Of course Rachel could have used alternative methods to find her answers but in her defence such a response was not necessary. Some job advertisements are more detailed than others although there’s usually an information pack available to those who want to find out more. Candidates are usually expected to do some research sand the extent of that becomes evident upon receipt of the application. The extra information is usually available (and if an applicant for the museum of the world’s best known detective can’t be bothered to do a little investigation it would be a poor thing!).
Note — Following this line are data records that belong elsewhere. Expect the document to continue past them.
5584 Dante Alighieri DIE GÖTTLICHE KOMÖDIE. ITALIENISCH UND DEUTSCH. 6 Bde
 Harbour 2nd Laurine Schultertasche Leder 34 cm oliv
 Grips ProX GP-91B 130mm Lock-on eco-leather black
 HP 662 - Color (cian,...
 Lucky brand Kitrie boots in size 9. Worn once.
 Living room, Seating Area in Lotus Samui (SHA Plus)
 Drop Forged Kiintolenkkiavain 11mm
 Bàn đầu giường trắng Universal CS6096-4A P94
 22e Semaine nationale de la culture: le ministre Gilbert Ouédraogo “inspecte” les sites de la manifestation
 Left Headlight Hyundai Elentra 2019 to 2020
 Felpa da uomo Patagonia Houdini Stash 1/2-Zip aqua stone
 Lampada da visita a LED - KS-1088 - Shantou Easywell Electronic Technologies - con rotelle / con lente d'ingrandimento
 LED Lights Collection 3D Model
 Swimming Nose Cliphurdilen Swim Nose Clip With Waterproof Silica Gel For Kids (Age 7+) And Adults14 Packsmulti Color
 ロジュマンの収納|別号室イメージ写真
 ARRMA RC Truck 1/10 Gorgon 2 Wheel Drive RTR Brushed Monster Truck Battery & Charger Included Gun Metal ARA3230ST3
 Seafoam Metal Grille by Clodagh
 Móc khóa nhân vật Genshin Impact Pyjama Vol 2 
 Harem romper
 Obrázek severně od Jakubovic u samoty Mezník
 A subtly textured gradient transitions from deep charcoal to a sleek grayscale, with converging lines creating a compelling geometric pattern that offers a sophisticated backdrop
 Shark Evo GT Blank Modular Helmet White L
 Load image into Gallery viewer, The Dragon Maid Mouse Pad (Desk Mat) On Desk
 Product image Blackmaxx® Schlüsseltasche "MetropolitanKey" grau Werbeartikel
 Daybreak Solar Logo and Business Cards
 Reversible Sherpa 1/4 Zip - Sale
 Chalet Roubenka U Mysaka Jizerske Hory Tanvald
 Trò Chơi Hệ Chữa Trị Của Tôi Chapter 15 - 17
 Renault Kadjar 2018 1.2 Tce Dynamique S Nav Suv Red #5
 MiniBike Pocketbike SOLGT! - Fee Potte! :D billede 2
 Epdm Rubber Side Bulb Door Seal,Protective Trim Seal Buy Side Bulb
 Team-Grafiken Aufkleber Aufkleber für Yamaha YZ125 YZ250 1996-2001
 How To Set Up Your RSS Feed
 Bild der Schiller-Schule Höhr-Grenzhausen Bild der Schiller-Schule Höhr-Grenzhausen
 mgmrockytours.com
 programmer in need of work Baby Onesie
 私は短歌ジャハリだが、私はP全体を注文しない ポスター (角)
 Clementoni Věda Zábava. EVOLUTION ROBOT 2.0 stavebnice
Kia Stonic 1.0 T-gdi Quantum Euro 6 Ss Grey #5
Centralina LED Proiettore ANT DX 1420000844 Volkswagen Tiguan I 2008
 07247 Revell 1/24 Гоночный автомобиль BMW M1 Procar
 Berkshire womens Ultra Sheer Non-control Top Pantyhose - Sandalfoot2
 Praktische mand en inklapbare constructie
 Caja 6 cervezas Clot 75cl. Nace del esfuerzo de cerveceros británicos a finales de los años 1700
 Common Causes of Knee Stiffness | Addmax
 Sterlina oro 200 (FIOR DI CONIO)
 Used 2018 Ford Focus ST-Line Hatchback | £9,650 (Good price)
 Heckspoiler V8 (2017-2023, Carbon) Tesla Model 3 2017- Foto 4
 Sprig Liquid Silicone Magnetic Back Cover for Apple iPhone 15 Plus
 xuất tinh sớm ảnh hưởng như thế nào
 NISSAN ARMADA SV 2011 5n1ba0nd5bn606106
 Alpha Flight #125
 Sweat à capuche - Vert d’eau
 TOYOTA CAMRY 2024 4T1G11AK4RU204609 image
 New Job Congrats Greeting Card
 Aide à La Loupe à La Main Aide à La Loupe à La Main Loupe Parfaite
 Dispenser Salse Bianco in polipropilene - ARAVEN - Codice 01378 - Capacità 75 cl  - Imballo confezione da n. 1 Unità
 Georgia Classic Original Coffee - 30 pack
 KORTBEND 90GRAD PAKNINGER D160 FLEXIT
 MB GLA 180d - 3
Asking a prospective employer for information is perfectly acceptable. It’s quite reasonable to want to know if the role is one the prospective candidates wishes to pursue. Asking relevant questions usually shows an element of initiative. There is little point in applying for a role when it is not really suitable. In Rachel’s case she enquired about specific aspects of the contract as the advertisement only stated it was full time, and asked for more details on the rates of pay (£25-35K is a fairly broad range!). It would have wasted her time and that of The Sherlock Holmes Museum is she had applied for a position that was completely unsuitable for her.
Most employers are too busy to have individual conversations with all the candidates. In that case they have to be prepared to give out relevant information at an early stage to enable candidates to decide if they want to apply. Andrea von Ehrenstein, who sent the unfortunate email, and other recruiting managers must remember that recruitment is a shop window and good manners, clarity of communication and efficiency in responding to enquiries are the hallmarks of a good employer. Candidates may not tweet about the good experience they received but at least they won’t tweet about appalling rudeness of the type experienced by Rachel Fox.
It works both ways. Candidates should research the company they are looking to apply to, not only to show a genuine interest in the role and company, but to show initiate and self-sufficiency. In many jobs employees are expected to research and find answers for themselves which is why it is also done at the recruitment stage. But there are some pieces of information an employee will have to ask for, and being confident enough to speak up and ask questions is never a bad thing.
It’s a clear example of not thinking about the further impact of actions inadequately considered and rashly taken in this immediate and public world of social media.
As the great man would have said “It’s elementary my dear Watson!”